Work instruction> Below is a listing; retype exactly the lines between the one containing "Perpignan - le" and the one containing "Nyaraló In Texel Near Sandy Beaches", inclusive, minus the pictures.

Information>

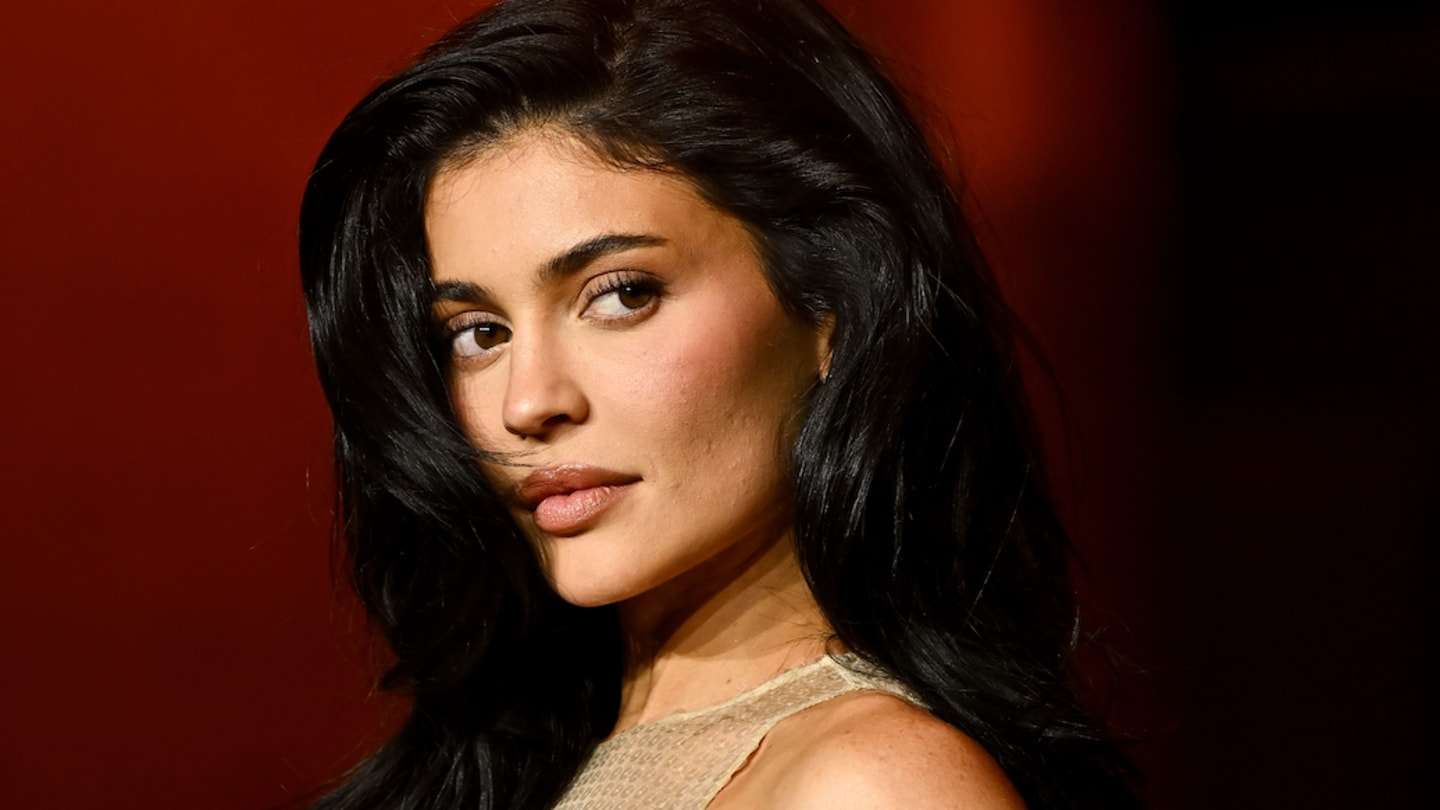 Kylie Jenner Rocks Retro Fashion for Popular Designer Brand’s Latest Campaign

...

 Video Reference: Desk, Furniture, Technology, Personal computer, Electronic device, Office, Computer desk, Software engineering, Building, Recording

* * *

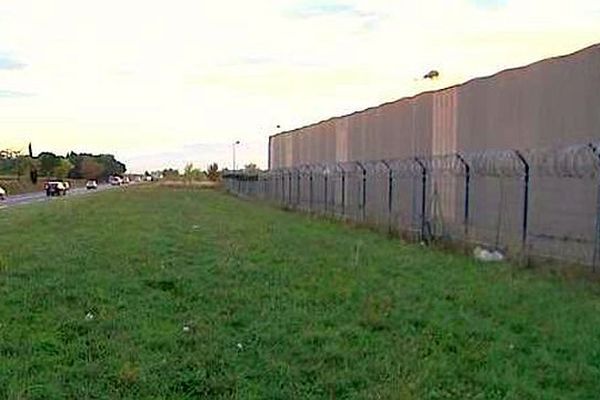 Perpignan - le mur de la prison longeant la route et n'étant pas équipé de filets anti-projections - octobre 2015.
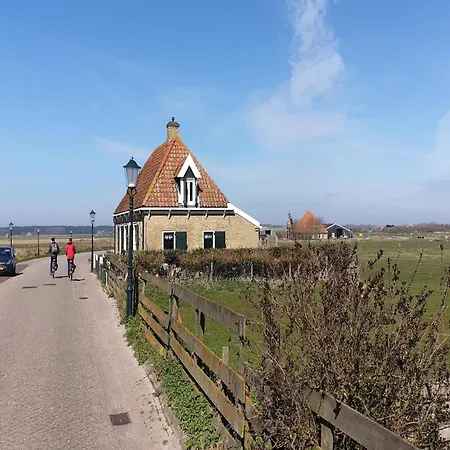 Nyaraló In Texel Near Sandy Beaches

Response to this exercise>
 Perpignan - le mur de la prison longeant la route et n'étant pas équipé de filets anti-projections - octobre 2015.
 Nyaraló In Texel Near Sandy Beaches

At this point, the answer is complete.